Segment Start: Material to process

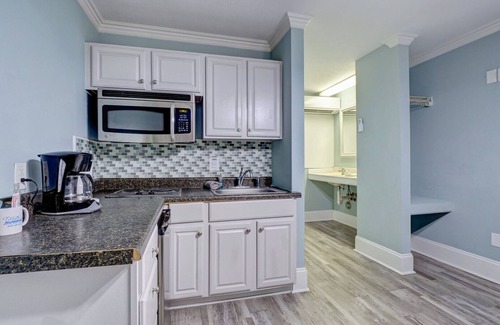 Surf City Hotel | Unit 116D at Tiffany's Motel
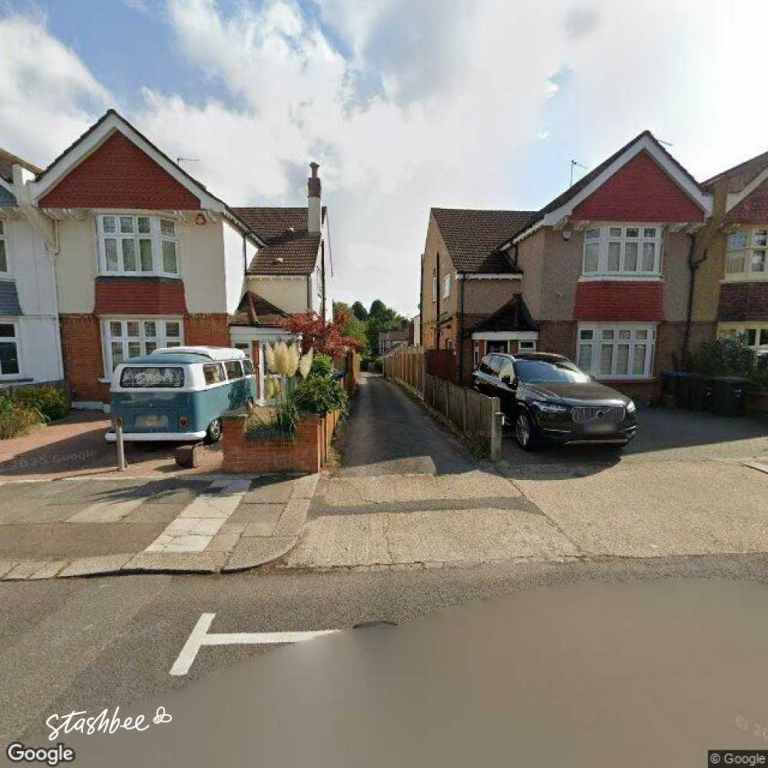 Garage to rent in Enfield (EN2) | Stashbee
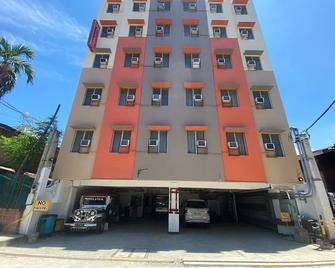 OYO 888 City Stay Inns Fortview Bgc - Manila - Building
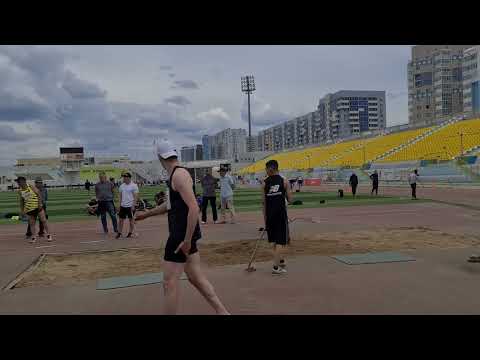 Видео: Прыжок в длину, мужчины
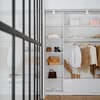 Minimalistischer Kleiderschrank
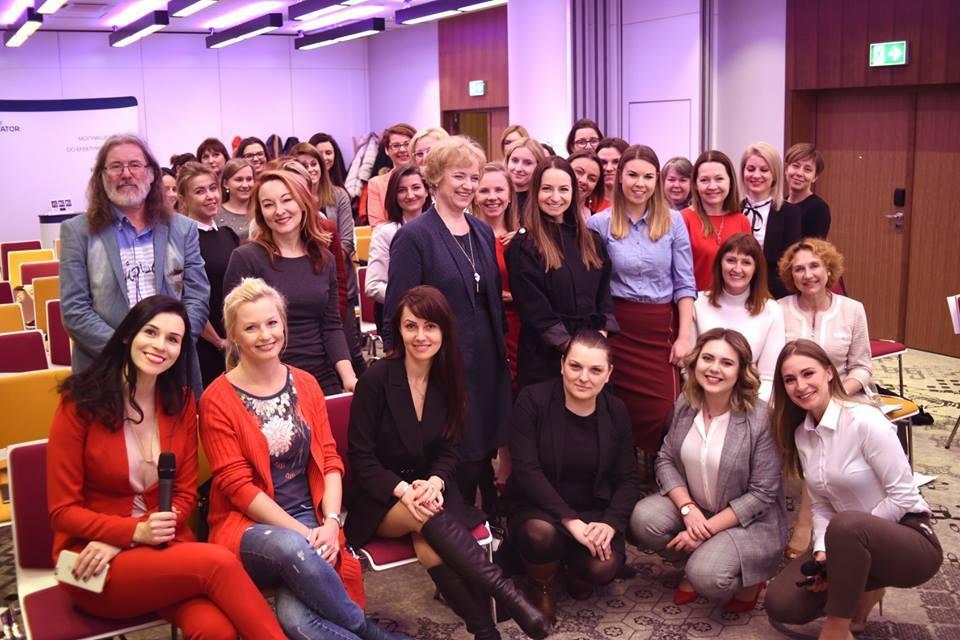 OSTATNIE spotkania z cyklu "Kobieta w biznesie" w obecnej formule!
Będziemy w trzech miastach:
✅ 24 maja Kraków
✅ 19 czerwca Wrocław
✅ 21 czerwca Warszawa
💥 Bilety w promocyjnej cenie zdobędziesz na: kobietawbiznesie.pl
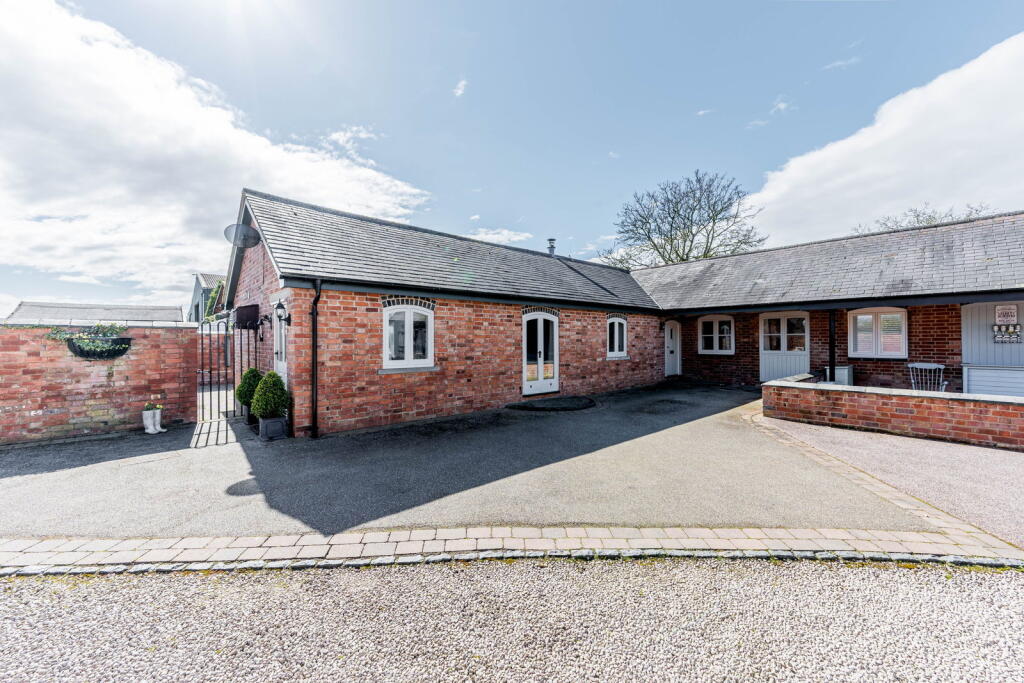 Ladyfields Barn, Peggs Lane, Elford, B79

Segment End: Material to process

_Try it_. Each line from the line containing "Minimalistischer Kleiderschrank" through the last line above must be written out exactly, and every picture must be omitted.

_Your response_.
 Minimalistischer Kleiderschrank
 OSTATNIE spotkania z cyklu "Kobieta w biznesie" w obecnej formule!
Będziemy w trzech miastach:
✅ 24 maja Kraków
✅ 19 czerwca Wrocław
✅ 21 czerwca Warszawa
💥 Bilety w promocyjnej cenie zdobędziesz na: kobietawbiznesie.pl
 Ladyfields Barn, Peggs Lane, Elford, B79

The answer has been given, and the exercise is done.